## To do:
Exactly the lines from the one containing "for Kids Living" through the final line of the data below, with pictures omitted, make up the answer.

## Supplied data:
----

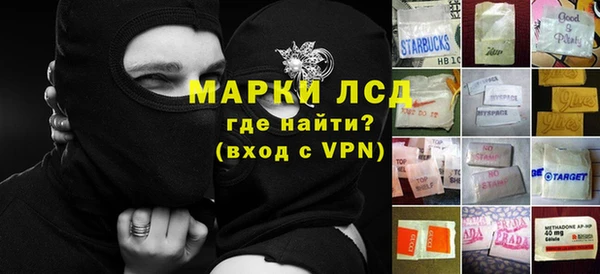 индика Алзамай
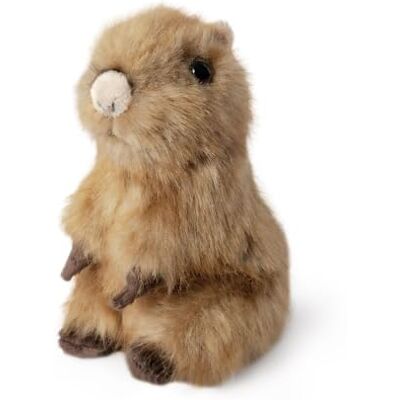 Living Nature Capybara Plush Toy 16 cm Fluffy Realistic Plush, Cuddly Stuffed Animal Gift for Kids Living Nature Capybara Plush Toy 16 cm Fluffy Realistic Plush, Cuddly Stuffed Animal Gift for Kids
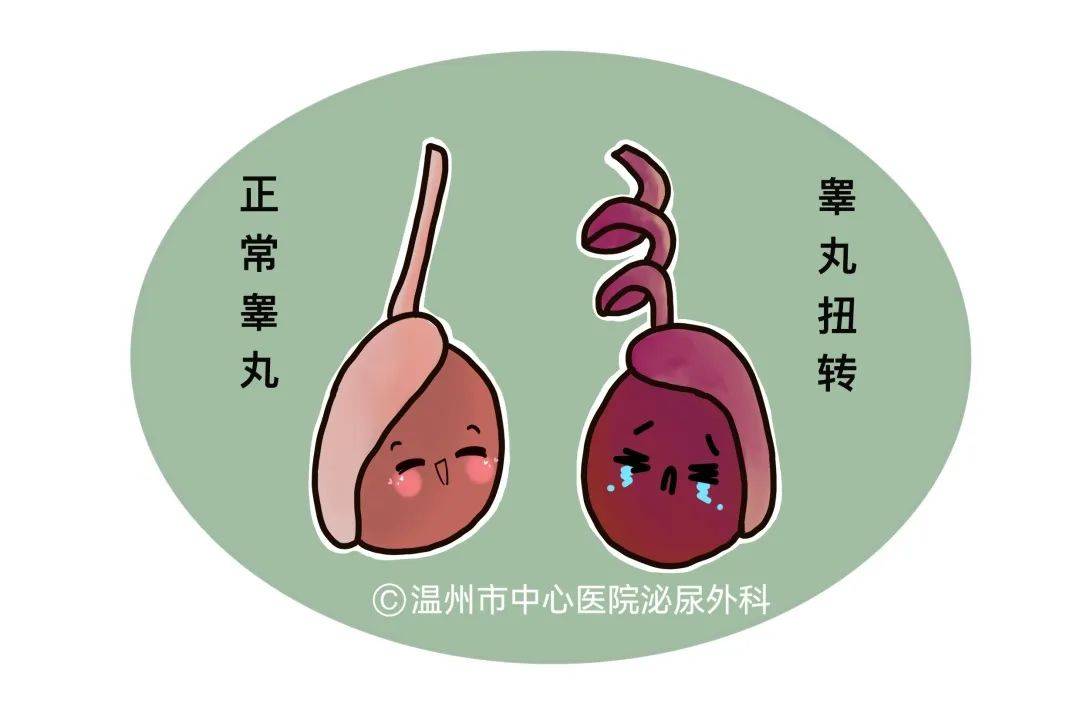 "别让青春少颗蛋"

----

## Answer space:
 Living Nature Capybara Plush Toy 16 cm Fluffy Realistic Plush, Cuddly Stuffed Animal Gift for Kids Living Nature Capybara Plush Toy 16 cm Fluffy Realistic Plush, Cuddly Stuffed Animal Gift for Kids
 "别让青春少颗蛋"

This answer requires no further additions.